PERRY, SAMUEL V. (10 June 1895-14 May 1968), Cleveland lawyer, safety expert, and private investigator, was appointed as Ohio's first African American parole officer, in charge of Cuyahoga County parolees (1930-32). From 1932-48, Perry worked in various municipal offices, including the Streets Department (1933-47), and Municipal Court, first as clerk (1951-53), then information consultant (1953-64). Perry was born in Jamestown, NY, but came to Cleveland as a child; he attended the CLEVELAND PUBLIC SCHOOLS. He worked at HALLE BROTHERS (1912-17, 1919-21), moving from shining shoes to inspecting "floor boys." Perry joined the U.S. Army during WORLD WAR I. In 1923 he received a Bachelor of Law degree from the Blackstone College of Law in Chicago, after apprenticing under Cleveland attorney Frank W. Stanton.

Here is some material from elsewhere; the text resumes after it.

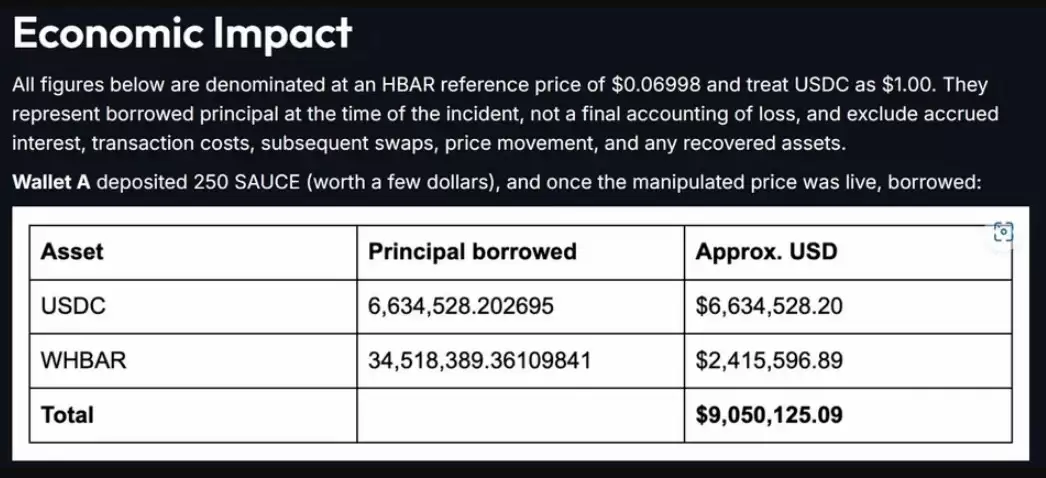 神谕漏洞致Bonzo Lend损失900万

He later attended the Marshall School of Law and FENN COLLEGE. Interested in traffic safety, Perry led programs such as an anti-jaywalking effort and traffic surveys, which reduced neighborhood traffic deaths dramatically.
Perry once managed the advertising for the CLEVELAND CALL & POST (1927) and edited a newspaper of his own, The Searchlight (between 1948 and 1951). During the last two decades of his life, Perry worked ardently to remove the word "Negro" from the American vocabulary, periodically publishing an "Open Letter to the Citizens of Cleveland" in local newspapers.
In August 1919, Perry married Willette A. Strode (d.1935); they had four sons, Herbert L., A. William, Charles B., and Samuel S. Perry, who served as first black mayor of WOODMERE from 1966-69. Perry married again in 1941, to Ellen B. Wilson. Perry belonged to the ANTIOCH BAPTIST CHURCH.
Perry, Samuel V. "Rhymes of Life" (1966).
Finding aid for the Samuel S. Perry Papers. WRHS.